Before you decide exactly how to move your course online, try to gather some information from your students about the challenges they anticipate and preferences they have. Take some time also to reflect on your own resources, preferences, and challenges.
Ask Students
Gather information about students’ access to the internet and comfort using the kinds of technology you anticipate using. This can help you make choices and determine what information will help your students make this transition.
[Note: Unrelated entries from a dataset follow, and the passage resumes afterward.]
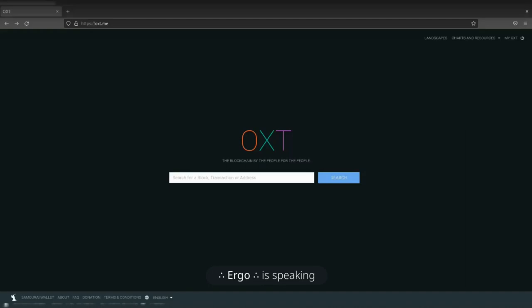This walkthrough is going to be centered around analyzing ransomware payments and activity. If you're unfamiliar with ransomware, it's the methods and process of hacking into and extracting and encrypting someone else's data and then attempting to extort them for payment in return for access back to their data.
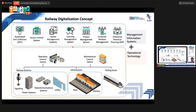The railway digitalization concept is actually a combination of operational technology and information management systems. The combination of both technologies forms railway digitalization itself.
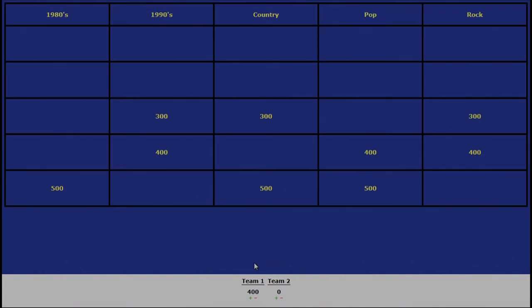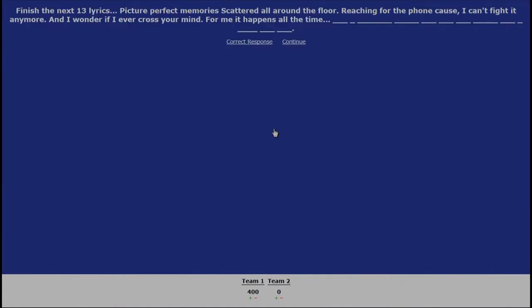Nick, choose the category and the amount. Country, 300. I hate you. Reaching for the phone cause I can't fight it anymore. And I wonder if I ever cross your mind. For me, it happens all the time. It's a quarter after one, I'm all alone, and I need you now. Nick, you got that correct.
Andrea Kaston Tange provides an example of a survey to gather such information. The survey asks about remote access to a computer and internet connection, preferences about how to conduct the course remotely, and concerns about the course and more broadly:
Dennis E. Showalter encourages teachers to collaborate with students to make a backup plan if they don’t have internet access at home.
Self-Reflection
Amanda Henrichs has shared a handout, “Switching to Online Learning in 9 Days,” which prompts teachers to reflect on their goals and what they already know how to do. Henrichs reminds us that this shift to online learning “requires you and your students to thoroughly shift your intellectual, physical, material, and even emotional frameworks around what it means to learn and to teach.”
Tony Russell’s Service Interruption Readiness Survey for faculty at Central Oregon Community College offers another tool for instructors to assess their level of preparedness and interest in the technological options available.
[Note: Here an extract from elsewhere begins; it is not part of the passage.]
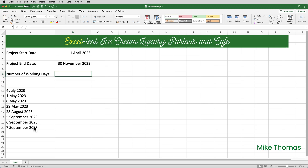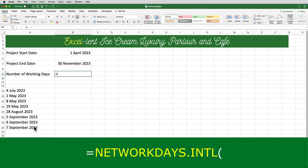Now, what if you worked in a country that didn't observe Saturday and Sunday as weekends? Or what if your organisation or this project didn't observe Saturdays and Sundays as weekends? What if it was decided, to get the project complete, that only Sunday would be a non-working day — meaning everybody working on the project would need to work on Saturdays? In that case, I can use the NETWORKDAYS International function.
You and your students may be facing a number of challenges, like access to a computer, access to reliable wifi, access to private space, caring for children and other family members, work responsibilities, unemployment, and more.
As you make decisions about how to handle the remainder of your course, take these challenges into consideration.
Resources for Making a Plan
- A Crash Course for Switching to Online (Amanda Henrichs, handout)
- Please Do a Bad Job of Putting Your Courses Online (Rebecca Barrett-Fox)
- Service Interruption Readiness Survey (Self-Assessment) (Tony Russell, Central Oregon Community College)
- Considerations for Instructional Continuity (Graduate Center, CUNY)
- An Equitable Transition to Online Learning – Flexibility, Low Bandwidth, Cell Phones, and more (Lindsey Passenger Wieck)
- Going Online in a Hurry: What to Do and Where to Start (Chronicle of Higher Education)
- HASTAC Thoughts & Resources for Those About to Start Teaching Online Due to COVID-19 (Jacqueline Wernimont)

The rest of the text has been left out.